Question: Is there an easy way to do this using API's or something?
Note: I've only been able to find a microsoft program that converts the documents to .docx but they still open in compatability mode. It would be nice if they could just be converted to the new format. Same functionality you get when you open an old document and it gives you the option to convert it.
Edit: Just found http://msdn.microsoft.com/en-us/library/microsoft.office.interop.word._document.convert.aspx looking into how to use it.
EDIT2: This is my current function for converting the documents
Private Sub btnConvert_Click(ByVal sender As System.Object, ByVal e As System.EventArgs) Handles btnConvert.Click
FolderBrowserDialog1.ShowDialog()
Dim mainThread As Thread
If Not String.IsNullOrEmpty(FolderBrowserDialog1.SelectedPath) Then
lstFiles.Clear()
DirSearch(FolderBrowserDialog1.SelectedPath)
ThreadPool.SetMaxThreads(1, 1)
lstFiles.RemoveAll(Function(y) y.Contains(".docx"))
TextBox1.Text += "Conversion started at " & DateTime.Now().ToString & Environment.NewLine
For Each x In lstFiles
ThreadPool.QueueUserWorkItem(New WaitCallback(AddressOf ConvertDoc), x)
Next
End If
End Sub
Private Sub ConvertDoc(ByVal path As String)
Dim word As New Microsoft.Office.Interop.Word.Application
Dim doc As Microsoft.Office.Interop.Word.Document
word.Visible = False
Try
Debug.Print(path)
doc = word.Documents.Open(path, Type.Missing, Type.Missing, Type.Missing, Type.Missing, Type.Missing, Type.Missing, Type.Missing, Type.Missing, Type.Missing, Type.Missing, Type.Missing, Type.Missing, Type.Missing, Type.Missing, Type.Missing)
doc.Convert()
Catch ex As Exception
''do nothing
Finally
doc.Close()
word.Quit()
End Try
End Sub`
It lets me select a path then find all doc files within the subfolders.

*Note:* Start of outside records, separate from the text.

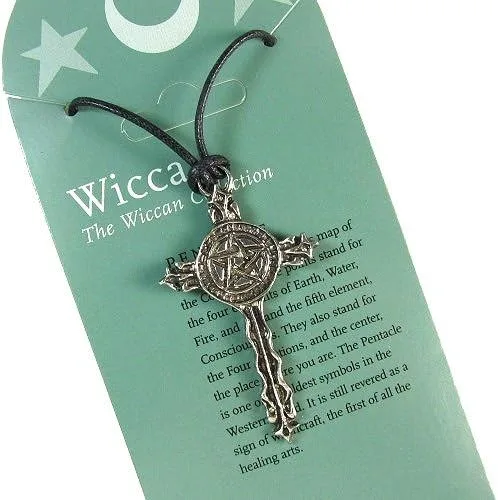 Vista 3 de La pentáculo colgante de peltre, la colección de Wiccan
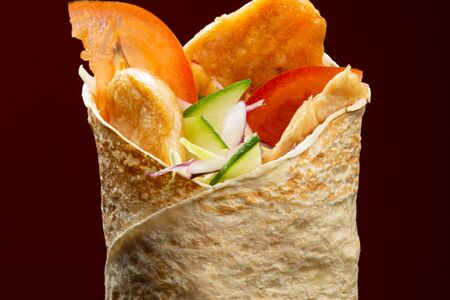 Шаурма куриная в обычном лаваше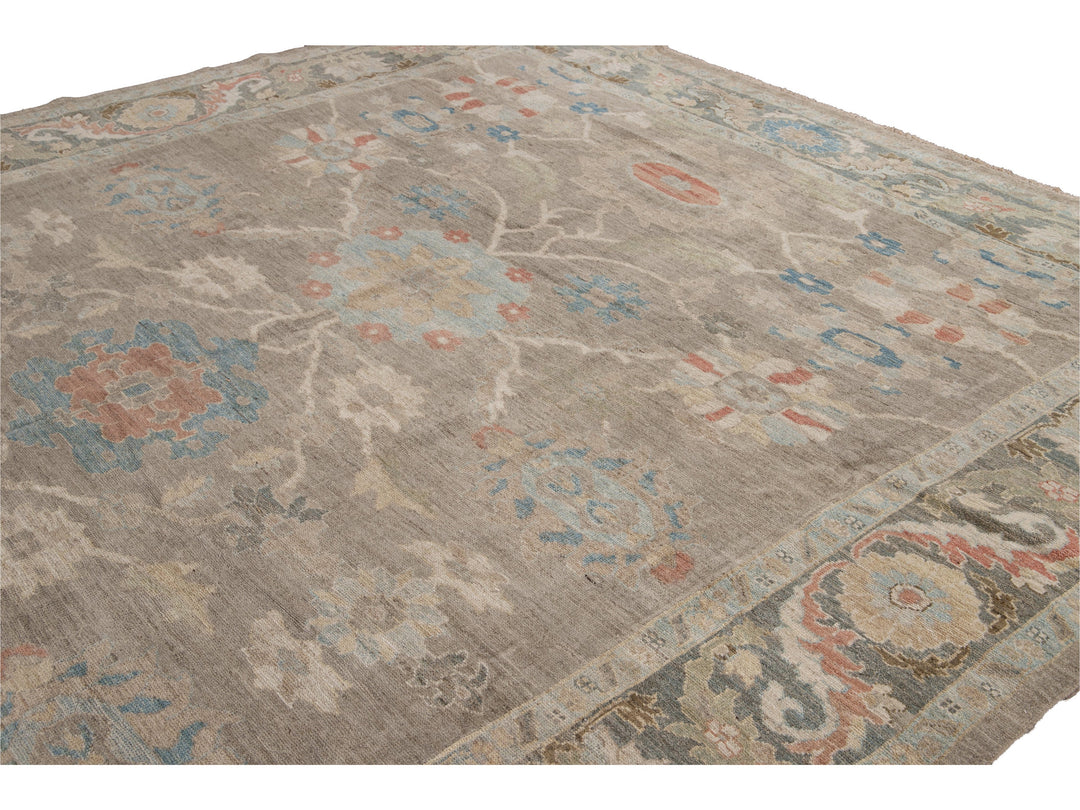 Modern Sultanabad Wool Rug 11 X 14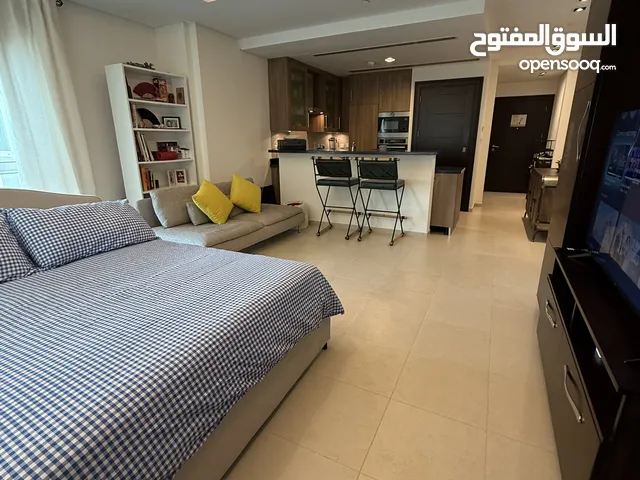 Semi-Furnished Studio in Viva Bahriya with Balcony/ maintenance 24 hours and Bills included.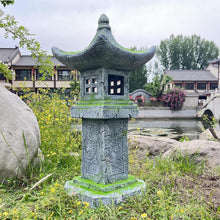 Load image into Gallery viewer, 31.5’’High Japanese Pagoda Statue Moss-Covered Retro Miniature Tower Lantern Garden Decoration Figurines Outdoor Asian Decoration Zen Courtyard Landscape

That code isn't important, all the files for conversion are in lstFiles. Only problem at the moment is that it takes a really long time to convert even just 10 documents. Should I be using one word application per document instead of reusing it? Any suggestions?

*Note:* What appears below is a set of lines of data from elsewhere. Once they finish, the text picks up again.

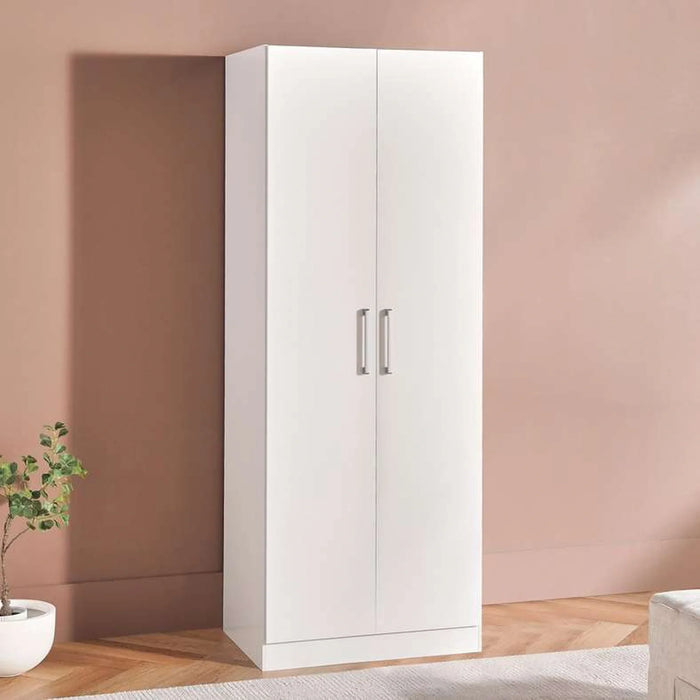 Flexo 2 Door Wardrobe - White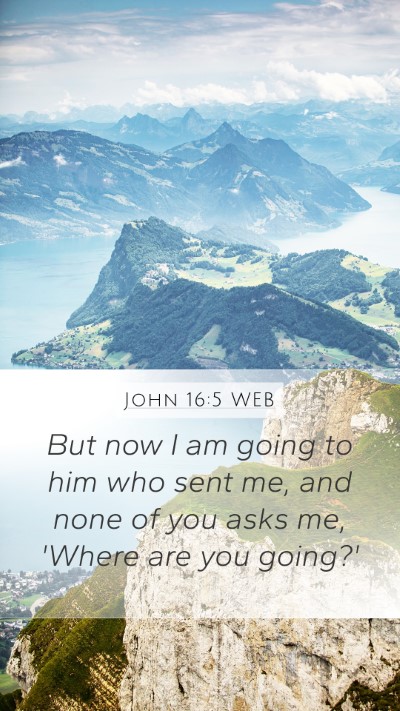 John 16:5 WEB Bible Verse Image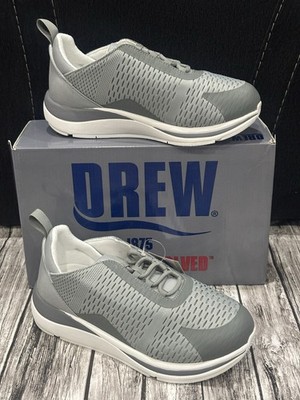 Drew Dri-Lex Women's Sprinter Athletic Shoes Gray Size 9 WW Retail $159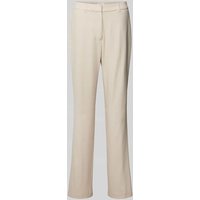 s.Oliver BLACK LABEL Tapered Fit Stoffhose mit Strukturmuster in Sand, Größe 40/32 von s.Oliver BLACK LABEL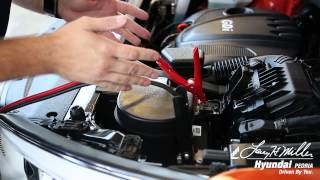 How to Jump Start Your Hyundai Santa Fe  Larry H Miller Hyundai Peoria [upl. by Liza]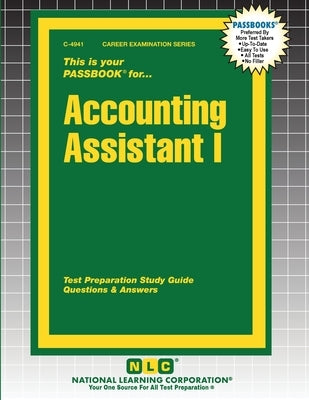 Accounting Assistant I by Passbooks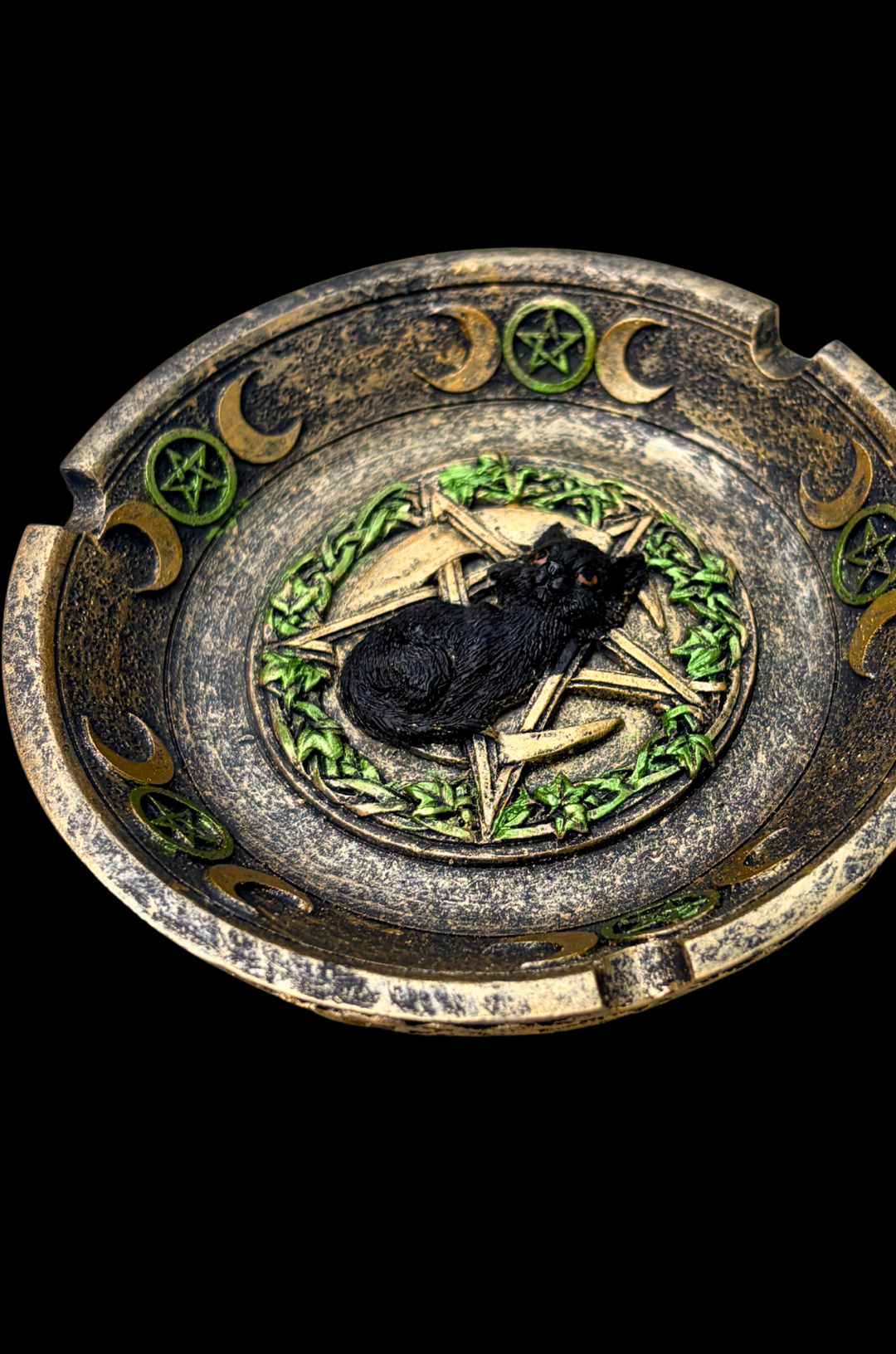 Magic Black Cat Ashtray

Also it opens word after about 2 or 3 conversions and starts flashing but keeps converting.
EDIT3: Tweaked to code above a little bit and it runs cleaner. Takes 1min10sec to convert 8 files though. Considering I have 14000 I need to convert this method will take a reasonably long time.
EDIT4: Changed the code up again. Uses a threadpool now. Seems to run a bit faster. Still need to run on a better computer to convert all the documents. Or do them slowly by folder. Can anyone think of any other way to optimize this?